Einmal ins Netz gestellte Daten können nicht einfach gelöscht werden und verharren teils jahrelang auf irgendwelchen Servern. Was bei Facebook schon lange als Standard galt, entpuppt sich jetzt bei Twitter auch als gängige Praxis. Nun verlangt ein US-Gericht im Rahmen der Occupy-Proteste in New York die Daten eines Demonstranten und Twitter reagiert einerseits mit der Herausgabe der Daten und andererseits mit einem Transparenzbericht.

Ein New Yorker Demonstrant muss jetzt befürchten wegen Störung der öffentlichen Ordnung verurteilt zu werden, weil er mit seinen Tweets angeblich andere Demonstranten angestachelt haben soll sich gegen die Staatsmacht anzulegen. Jetzt entbrennt ein Streit zwischen ihm, dem Gericht und Twitter, die seine Tweets zur Verfügung stellen sollen. Darüber hinaus will das Gericht Daten wie IP-Adresse und die Direktnachrichten an andere Nutzer einsehen, um sie dem Angeklagten zuordnen zu können.

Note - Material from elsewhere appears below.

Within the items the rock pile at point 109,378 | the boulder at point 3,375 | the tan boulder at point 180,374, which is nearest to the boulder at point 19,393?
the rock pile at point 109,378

Twitter versuchte sich gegen die Datenherausgabe mit Verweis auf die informationelle Selbstbestimmung und Persönlichkeitsrechten zu wehren, hatte aber keine Chance. Auch die Forderung eines ordentlichen Durchsuchungsbefehls wurde vom Gericht abgeschmettert. Die Forderungen des Demonstranten wurden ebenfalls abgewiesen mit der Begründung, dass Tweets öffentlich mitgeteilte Meldungen seien und sie daher nicht der Privatsphäre unterliegen.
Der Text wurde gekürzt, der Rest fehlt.